How Does Removing Duplicates Work?
How Sorting Your Data affects Deduplication
How to Deduplicate based on Multiple Columns
How to Remove Duplicates in Excel based on One Column
Remove Duplicate Rows in Excel based on Two Columns
Google Sheets Remove Duplicate Rows based on One Column
Remove Duplicate Rows in Google Sheets based on Two Columns
Remove Duplicates in Gigasheet

How Does Removing Duplicates Work?

In its simplest form, removing duplicates works by checking the values of a single column for duplicates, and then deletes the rows containing duplicate instances of the value.

To illustrate this, we are going to look at a very simple file with columns containing Letters, Numbers, and Colors. For a simple deduplication, let's use the Letter column to remove duplicates.

How to Remove Duplicates in excel, 1 column example

We can immediately see that there are 3 unique values in the letter column:

A - 3 instances
B - 2 Instances
C - 5 Instances

When we run a deduplication of rows, the first instance of each value will be kept, along with the rest of the data in the row. The repeated instances of the value (highlighted in red) will be deleted, along with the rest of the data in the row.

Here are the results of running deduplication on the Letter column. As you can see, only the rows containing first instance of each letter remain:

Excel Remove Duplicate Rows based on one column

Pro Tip: Sort to Desired Order Before Removing Duplicates

In the example above, we demonstrated that the first row containing a duplicate value is retained, while the remaining rows with duplicate values are deleted. What if you want a particular value to remain?

You can control the first row by applying a sort to your data prior to removing duplicates from the file!

In our file above, A is paired with the colors Red and Yellow. Let's say Yellow is more important than Red. We can first sort the file on the column Color, with Yellow appearing above Red, which would look like this:

Sorting before remove duplicates google sheets

And removing duplicates on the Letter column would yield the following results:

Different Data Duplication Results based on Sorting

As you can see, as result of sorting, the letters A and C both now have the color Yellow in the Color column, whereas before the value Red was retained.

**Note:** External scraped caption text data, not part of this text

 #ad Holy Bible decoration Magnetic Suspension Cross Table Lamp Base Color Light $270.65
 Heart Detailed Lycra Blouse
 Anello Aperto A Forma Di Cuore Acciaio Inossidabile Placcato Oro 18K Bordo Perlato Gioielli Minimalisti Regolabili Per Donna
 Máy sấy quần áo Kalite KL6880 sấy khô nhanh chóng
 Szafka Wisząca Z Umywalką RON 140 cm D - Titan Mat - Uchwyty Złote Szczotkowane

Real world examples would include sorting on a Date column to retain the most recent transaction by customers, or sorting on a Purchase Amount column to retain the highest price paid by customers.

Removing duplicates keeps the row associated with the first instance of a value, so we can use this to our advantage and sort to produce desired results.

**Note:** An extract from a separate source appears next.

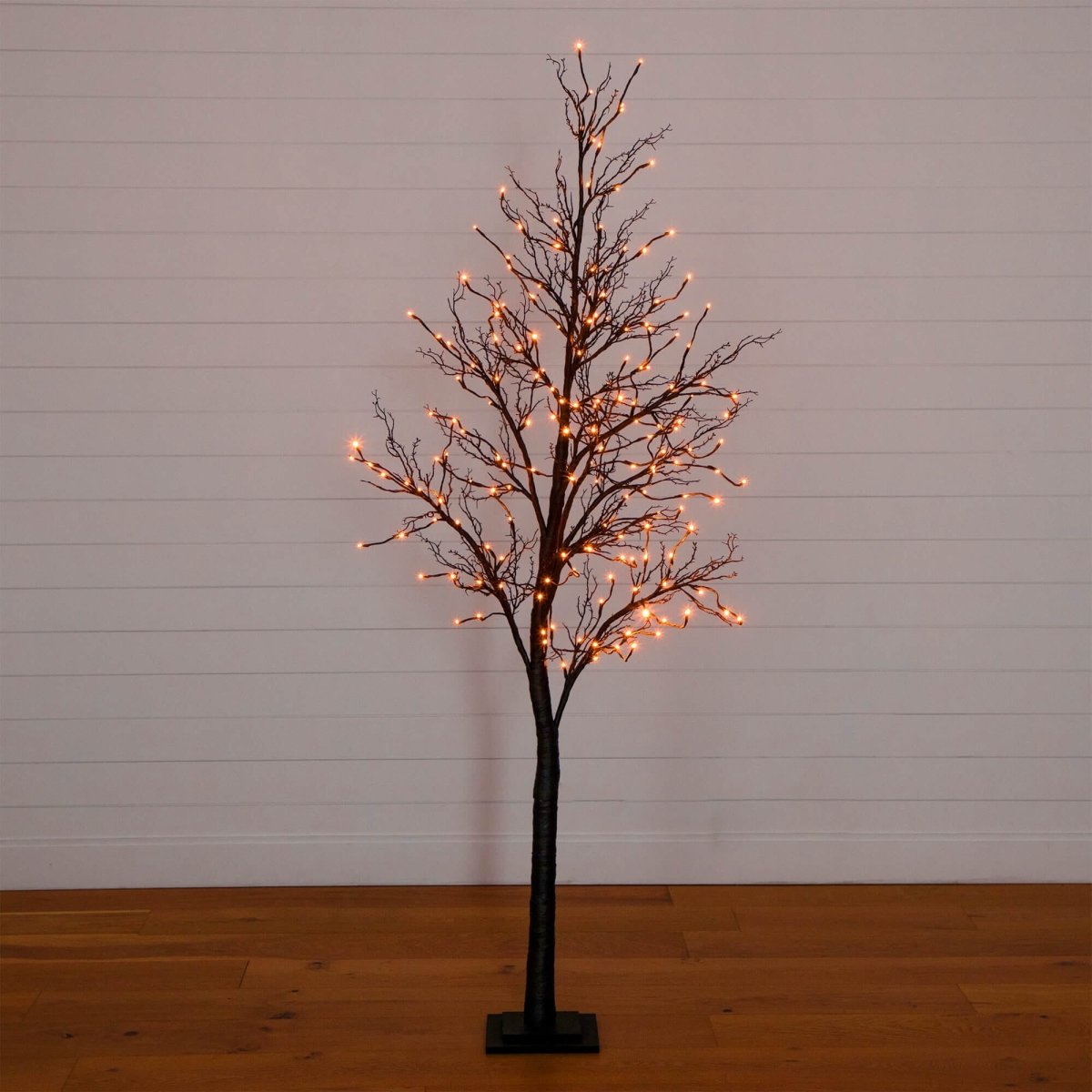 Nearly Natural 7' Pre-Lit Deluxe Black Halloween Twig Tree with 180 Orange & Purple LEDs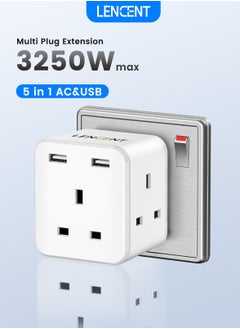 Lencent Multi Plug Extension with 2 USB, 3 Way 3 Plugs Socket adapter, 5-in-1 Cube Electrical Extender Outlet Adaptor, USB Wall Charger, 3 Pin Plug Expander for Home, Office, Kitchen, 13A 3250W  - Image 1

Removing Duplicate Rows Based on Two or More Columns

A more advanced version of removing duplicate rows uses a combination of multiple columns as the value to deduplicate. Instead of looking for a single column, the Remove Duplicates function considers multiple columns when looking for duplicate values to remove.

Sound complicated? It's probably easier to grasp in a picture, so let's use the same sample file as above and remove duplicates based on Letter and Number.

Remove Duplicate Rows in Excel based on two columns

When factoring in both the Letter and Number columns, we have more unique values to consider because we treat the combined value as a instance:

A1 - 2 Instances
A2 - 1 Instance
B1 - 1 Instance
B2 - 1 Instance
C1 - 2 Instances
C1 - 2 Instances

As a result, there are less duplicates even though the file is exactly the same as before.

When we run a deduplication using both Letter and Number, the first instance of each value will be kept, along with the rest of the data in the row. The repeated instances of the value (highlighted in red) will be deleted.

Here is the output:

Results of Removing duplicate rows in excel based on two columns

Removing duplicates can be performed on any number of column selections. Here is an example of using our same file, but factoring in all 3 columns, Letter, Number, and Color, as part of the deduplication process.

As you can see there are 2 instances that are repeated, when considering all 3 columns: A1Red and C1Red:

Here is the output after deduplication has been run using all 3 columns:

Results of Data Deduplication using all columns

Behind the Scenes: Combining Columns before Removing Duplicate Rows

Find deduplicating multiple columns confusing? Let's provide some additional clarity by demonstrating what is happening behind the scenes. Basically, the deduplication function is combining the columns Letter and Number prior to looking for duplicates.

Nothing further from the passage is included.